:: What needs to be done ::
Everything in the records must be copied exactly except the pictures.
********
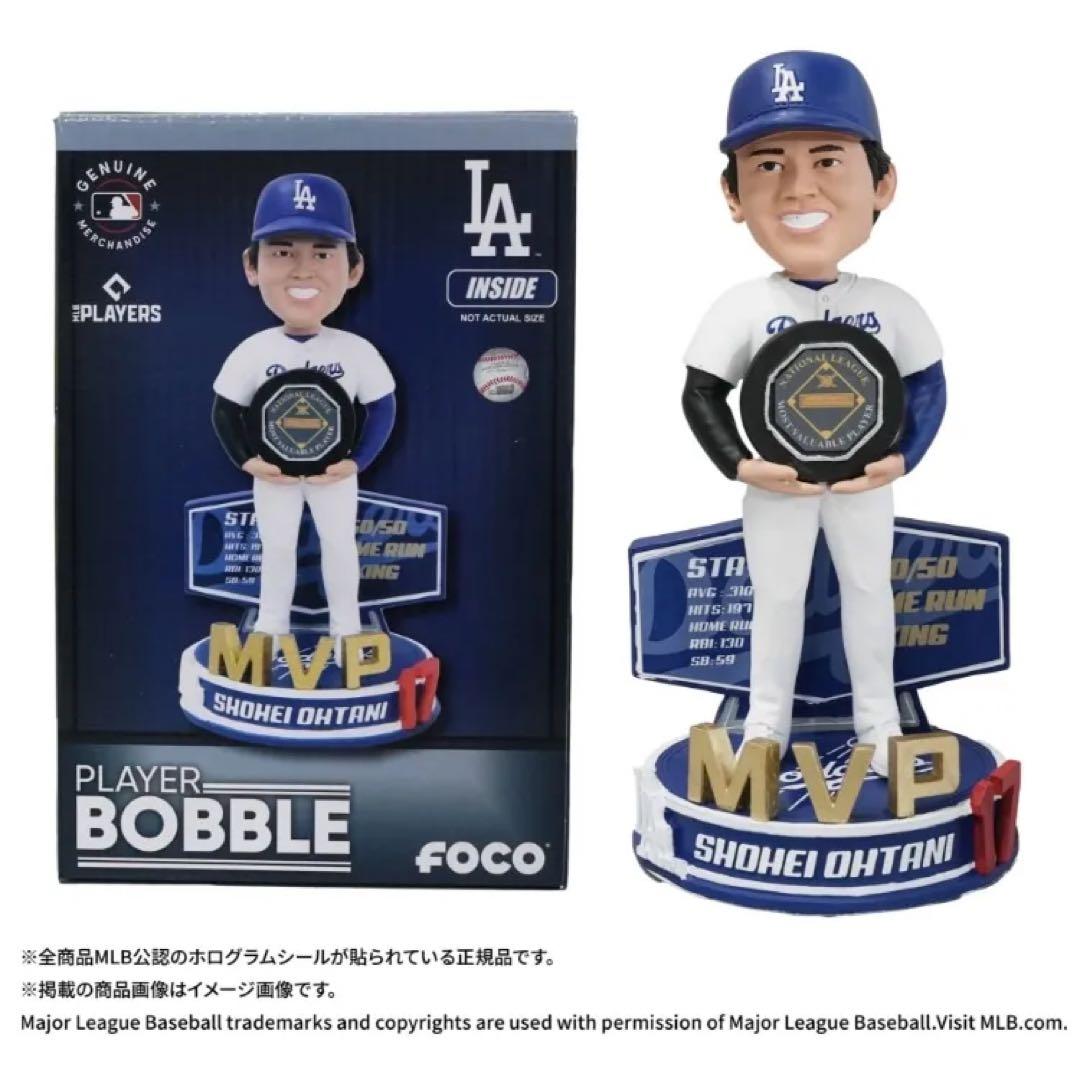 【新品・未開封】FOCO製 大谷翔平 NL MVP 記念ボブルヘッド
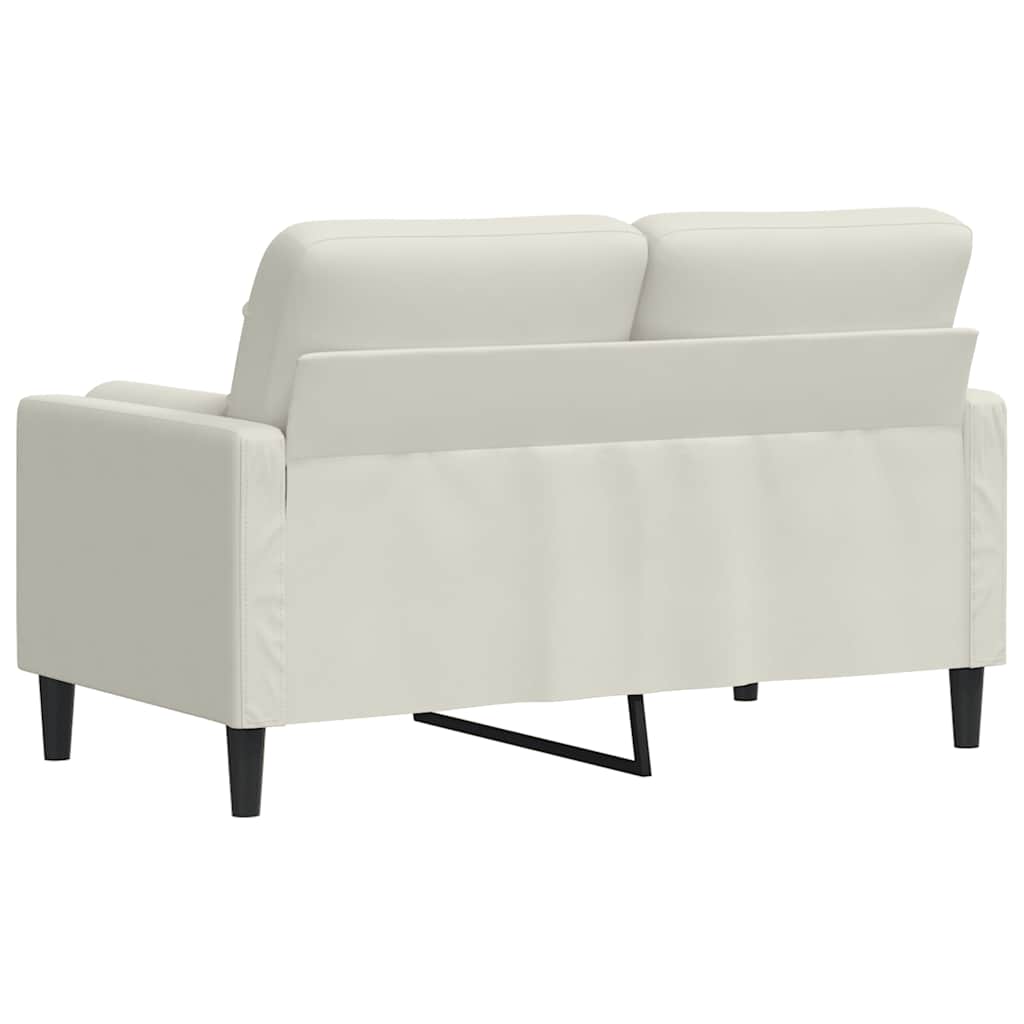 2-Sitzer-Sofa mit Zierkissen Hellgrau 120 cm Samt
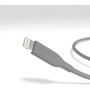 Amazon Basics Lightning to USB Cable - MFi Certified Apple iPhone Charger, Gray, 1-Foot (Durability Rated 4,000 Bends)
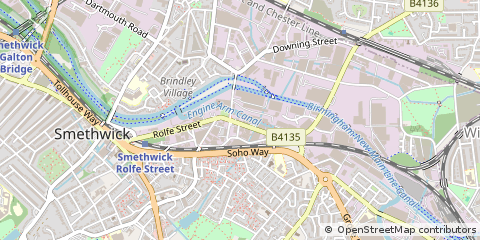 Map of Smethwick, West Midlands
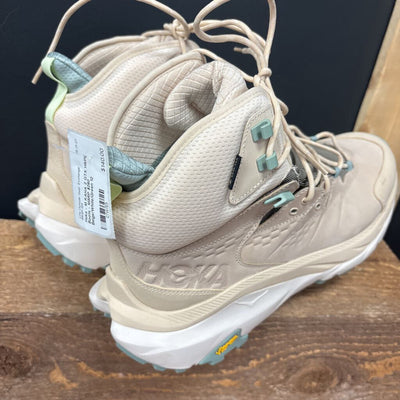 Hoka - M KAHA 2 GTX Hiking Boots - MSRP $280: Beige/White/Green-men-12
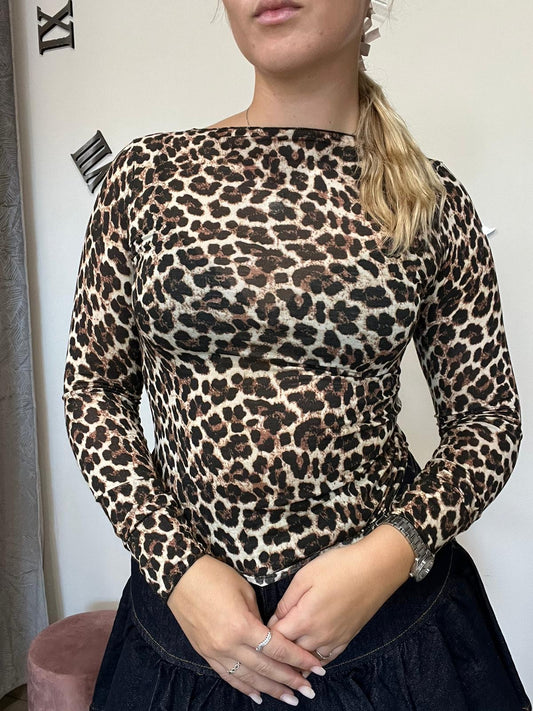 Maglia in cashmere maculata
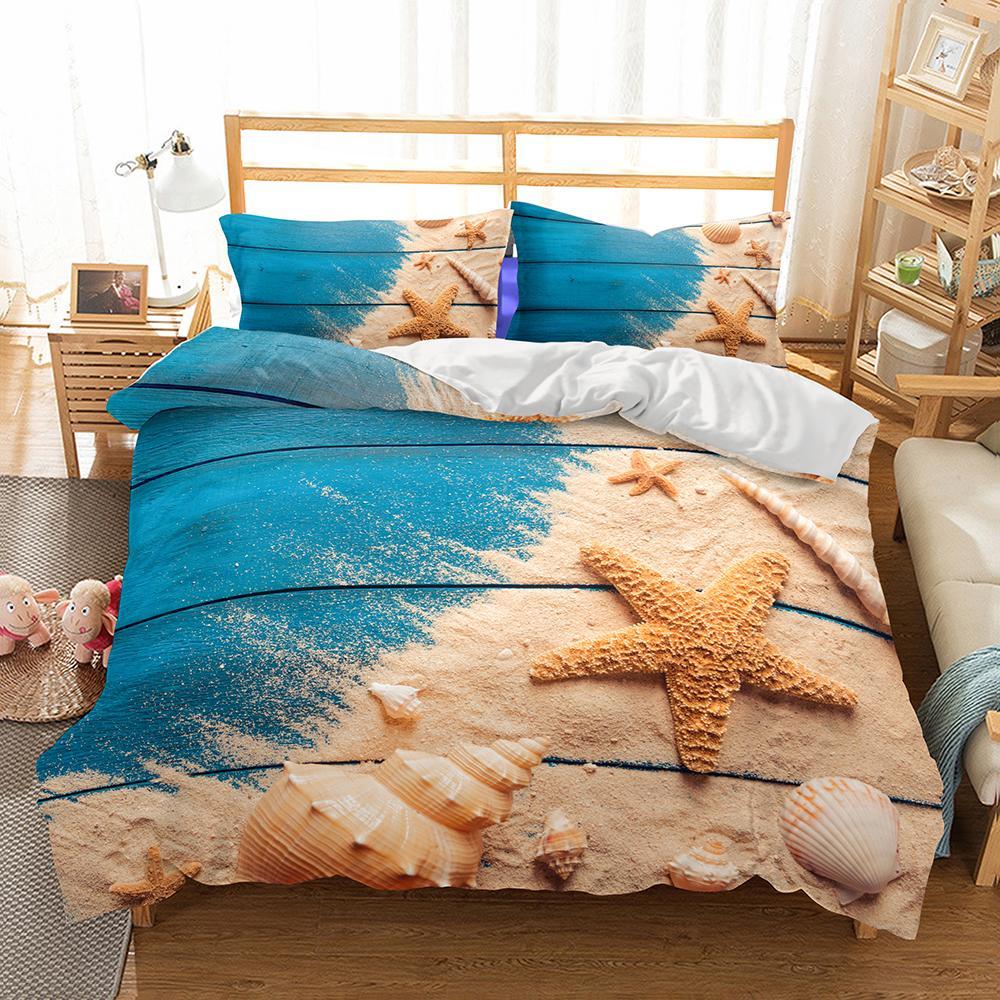 Beachside 3D Customized Duvet Cover Bedding Sets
********
:: Solution for this task ::
 【新品・未開封】FOCO製 大谷翔平 NL MVP 記念ボブルヘッド
 2-Sitzer-Sofa mit Zierkissen Hellgrau 120 cm Samt
 Amazon Basics Lightning to USB Cable - MFi Certified Apple iPhone Charger, Gray, 1-Foot (Durability Rated 4,000 Bends)
 Map of Smethwick, West Midlands
 Hoka - M KAHA 2 GTX Hiking Boots - MSRP $280: Beige/White/Green-men-12
 Maglia in cashmere maculata
 Beachside 3D Customized Duvet Cover Bedding Sets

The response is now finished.